Open-source is such an amazing concept! By bundling the sources, skills, and knowledge of an entire community, tools can be created that we could have not made in isolation. The tools that come out of these collaborations are truly more than the sum of their parts.
As a result, we data scientists use this freely available software that is driving so many technologies whilst still having the opportunity to be involved in its development.
Over the last few years, I was fortunate enough to be involved in open-source and had the opportunity to develop and main several packages!
Developing open-source is more than just coding
During this time, there were plenty of hurdles to overcome and lessons to be learned. From tricky dependencies and API design choices to communication with the user base.
Working on open-source, whether as an author, maintainer or developer, can be quite daunting! With this article, I share some of my experiences in this field which hopefully helps those wanting to develop open-source.
1. Documentation is underrated
When you create open-source software, you are typically not making the package exclusively for yourself. Users, from all types of different backgrounds, will be making use of your software. Proper documentation comes a long way in helping those users get started.
However, do not underestimate the impact documentation can have on the useability of your package! You can use it to explain complex algorithms, give extensive tutorials, show use cases, and even allow for interactive examples.
Especially data science-related software can be difficult to understand when it involves complex algorithms. Approaching these explanations like a story has often helped me in making them more intuitive.
Trust me, writing good documentation is a skill in itself.
Another benefit is that writing solid documentation lowers the time spent on issues. There is less reason for users to ask questions if they can find the answers in your documentation.

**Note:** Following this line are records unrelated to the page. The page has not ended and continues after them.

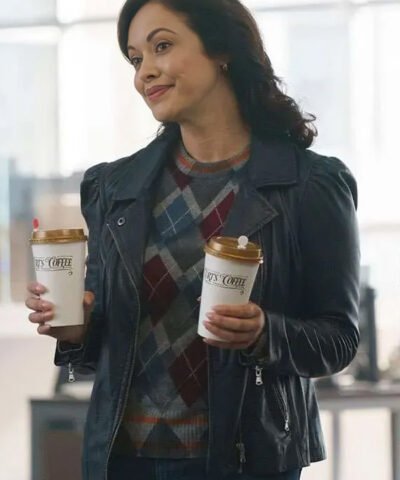 TV Series Boston Blue Marisa Ramirez Black Leather Jacket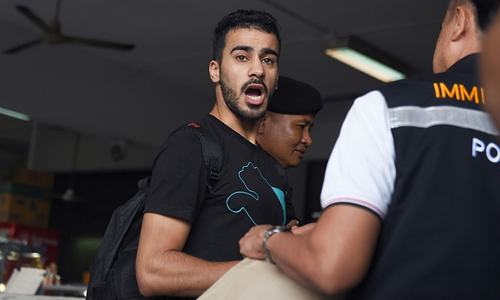 Activists slam Asian Cup 'gag' over detained Bahraini footballer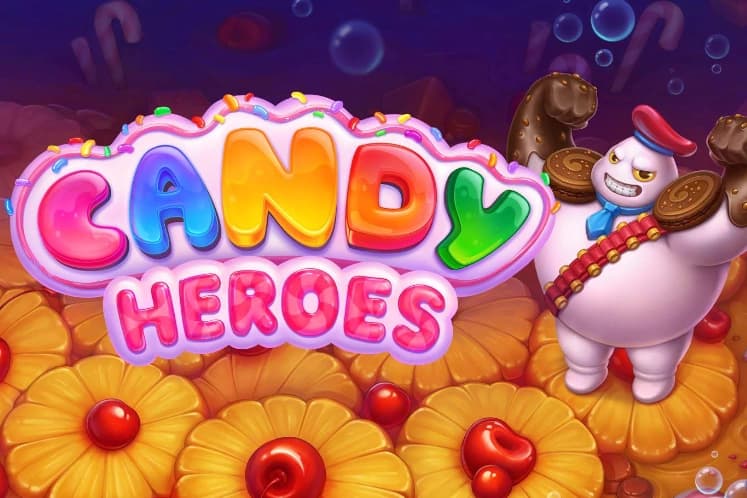 Candy Heroes - Slot NetGame | RTP 96.04% | MisterTopCasino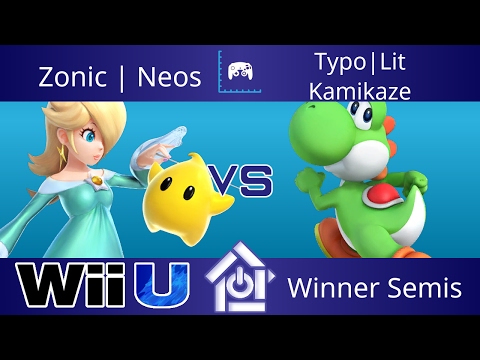 Typo @ The Lab 4/27/17 - Zonic|Neos (Rosa) vs   Kamikaze (Yoshi) - Smash 4 Winner Semis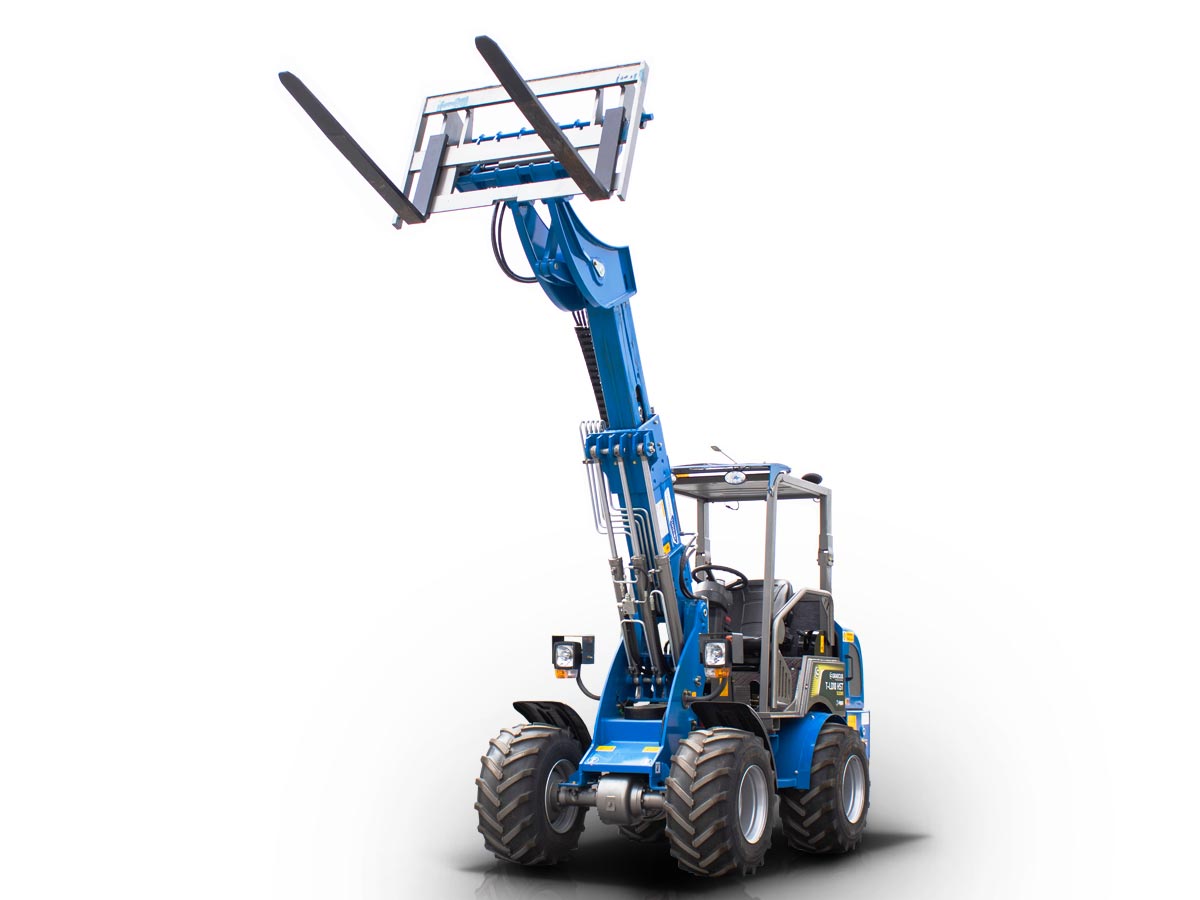 Telescopic Hydrostatic Wheeled Loader T-LD10 - Image 18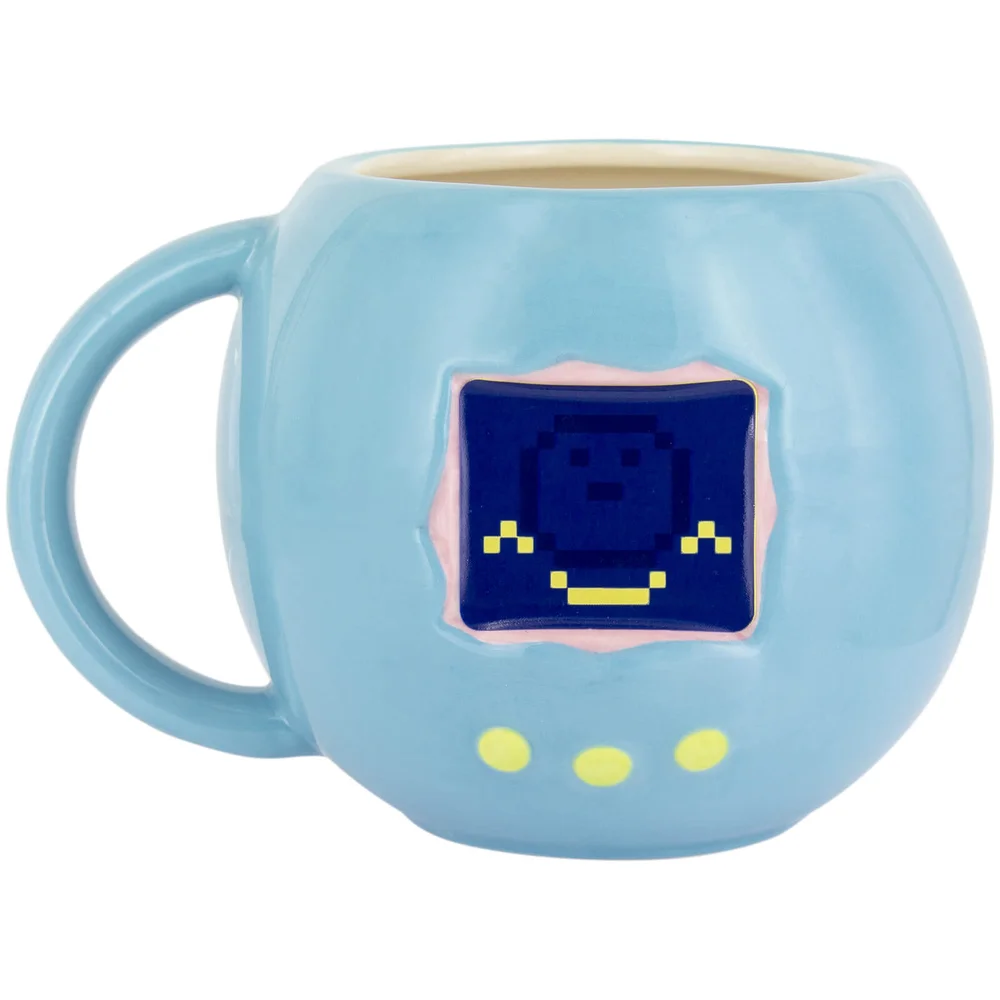 Tamagotchi Shaped Mug Afbeelding 1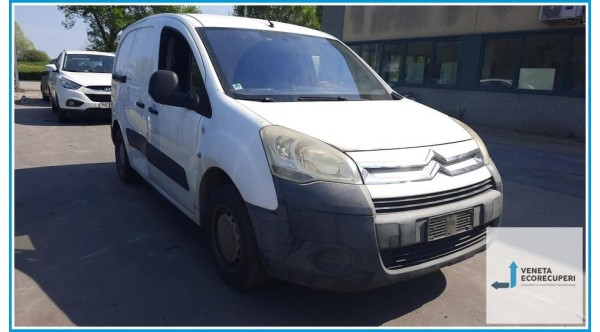 CITROEN BERLINGO B9 del 2009 parti usate e ricambi - Tipo Motore 9HX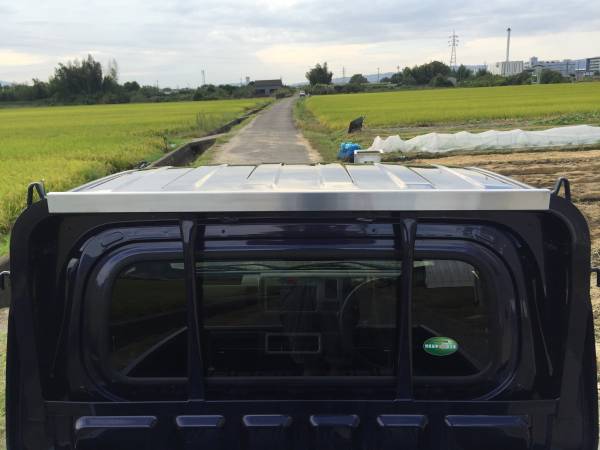 ハイゼット 標準車 S500P/S510P用 鳥居 カバー(R3/12/20~)(ステンレス)拍卖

An overview of how KeyBERT works is found in the documentation. However, creating documentation is more than just writing it. Visualizing your algorithm or software goes a long way in making it intuitive. You can learn quite a lot from Jay Alammar when you want to visualize algorithmic principles in your documentation. His visualizations even ended up in the official Numpy documentation!
2. Community is everything
Your user base, the community, is an important component of your software. Since we are developing open-source, it is safe to say that we want them to be involved in the development.
By engaging with the community you entice them to share issues and bugs, but also feature requests and great ideas for further development! All of these help in creating something for them.
The open-source community is truly more than the sum of its parts
Many core features in BERTopic, like online topic modeling, have been implemented since they were highly requested by its users. As a result, the community is quite active and has been a tremendous help in detecting issues and developing new features.
Implementing feature requests by the community goes a long way! An excerpt of the discussion here.
3. Great learning opportunity
Whether your package will be used millions of times or just a few, creating one is an excellent opportunity to learn more about open-source, MLOps, unit testing, API design, etc. I have learned more about these skills in developing open-source than I would have in my day-to-day job.
There is also a huge learning opportunity from interacting with the community itself. They are the ones that tell you which designs they like or not. At times, I have seen the same issue popping up several times over the course of a few months. This indicates that I should rethink the design as it was not as user-friendly as I had anticipated!
On top of that, developing open-source projects has given me the opportunity to collaborate with other developers.
4. It can be stressful
Working on your own open-source projects outside of work does come with its disadvantages. To me, the most significant one is that maintaining the package, answering questions, and participating in the discussions can be quite a lot of work.
It definitely helps if you are intrinsically motivated but it still takes quite some time to make sure everything is held together.
Fortunately, you can look towards your community to help you out when answering questions, showcasing use cases, etc.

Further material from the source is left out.